The move by the secularist group of former prime minister Iyad Allawi deals a further blow to Maliki's efforts to rebuild a national unity coalition, which has been crumbling since the main Sunni Arab group and others walked out.
"The Iraqi List has decided to withdraw from the government and we will send a memo to the government to inform them of our stance at the beginning of next week," said a senior member of the bloc, Iyad Jamal al-Deen.
The bloc has five ministers in the government, three of whom were now quitting, while a fourth, the justice minister, had already resigned, he said.
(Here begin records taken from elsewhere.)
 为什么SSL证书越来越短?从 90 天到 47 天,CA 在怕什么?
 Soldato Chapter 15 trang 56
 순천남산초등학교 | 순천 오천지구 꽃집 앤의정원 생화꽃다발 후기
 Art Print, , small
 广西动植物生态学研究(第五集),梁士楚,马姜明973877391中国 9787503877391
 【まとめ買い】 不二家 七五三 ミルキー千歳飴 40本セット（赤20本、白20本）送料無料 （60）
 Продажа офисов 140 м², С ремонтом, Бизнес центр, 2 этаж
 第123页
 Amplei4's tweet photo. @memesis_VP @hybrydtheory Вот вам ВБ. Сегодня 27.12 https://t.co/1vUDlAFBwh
The fifth, a member of the Communist Party, was not participating in the walkout.
Jamal al-Deen said the bloc opposed the handing out of government jobs on sectarian lines and was now pulling out because Maliki had not responded to its call to end the practice.
GLOOMY PROGNOSIS
The announcement came one day after the declassified findings of a US intelligence estimate gave a gloomy prognosis for Maliki's efforts at reconciliation.
"Levels of insurgent and sectarian violence will remain high and the Iraqi government will continue to struggle to achieve national-level political reconciliation and improved governance," said the findings, which 16 US intelligence agencies agreed on.
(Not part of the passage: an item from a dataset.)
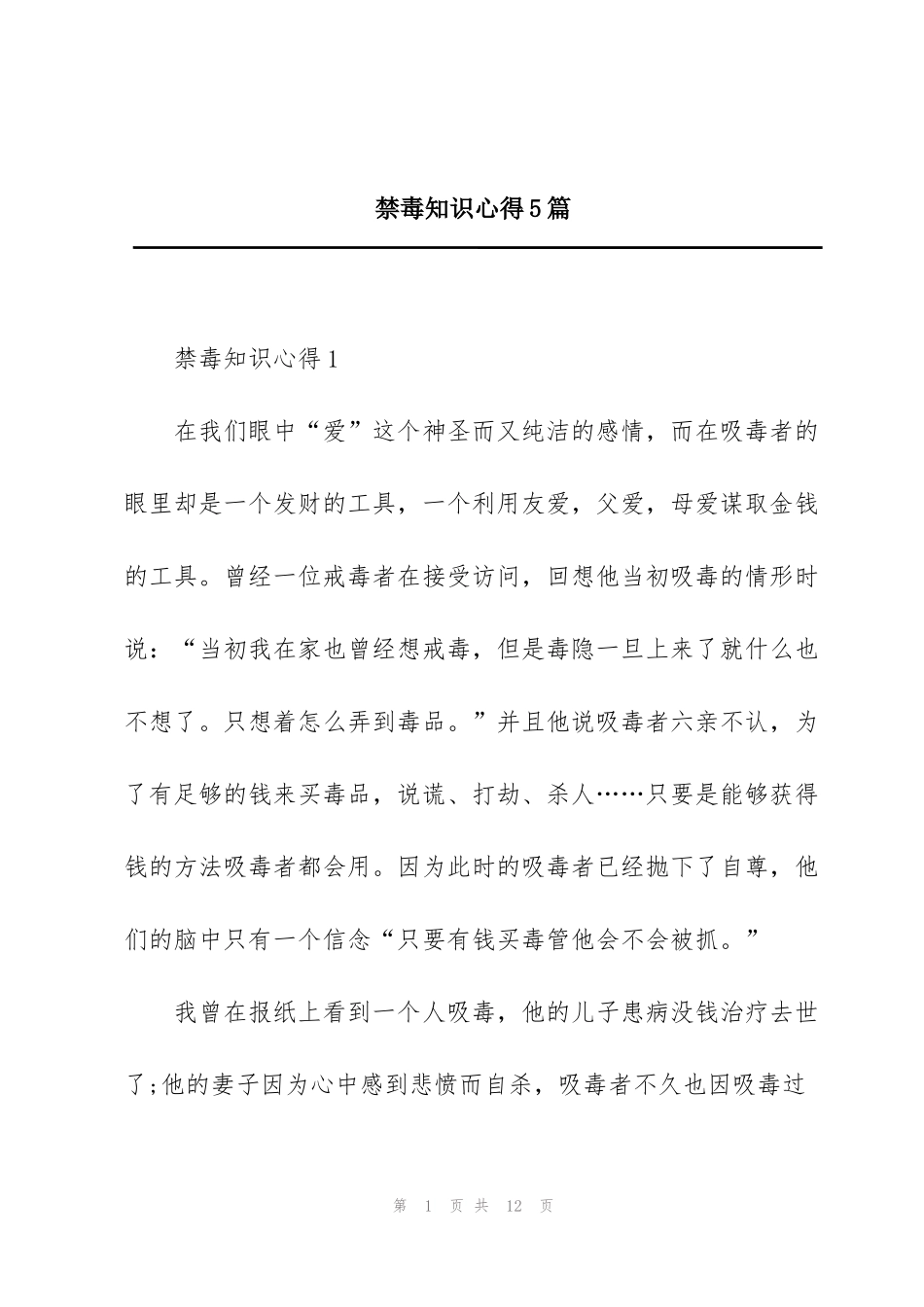 禁毒知识心得5篇_第1页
The new estimate also predicted that security improvements made over the past six months will erode if the US military narrows its mission to supporting the Iraqi security forces and fighting al-Qaeda.
The US intelligence community "assesses that the Iraqi government will become more precarious over the next six to 12 months because of criticism by other members of the major Shia coalition" as well as Sunni and Kurdish parties, the new estimate warned.
The declassified judgments of the assessment were released by the office of the National Intelligence Director Mike McConnell.
NO COMPROMISES
Barring "a fundamental shift in factors driving Iraqi political and security developments," compromises needed for "sustained security, long-term political progress, and economic development are unlikely to emerge," the assessment said.
Iraqi leaders who are already "unable to govern effectively" will struggle to achieve national political reconciliation, it warned.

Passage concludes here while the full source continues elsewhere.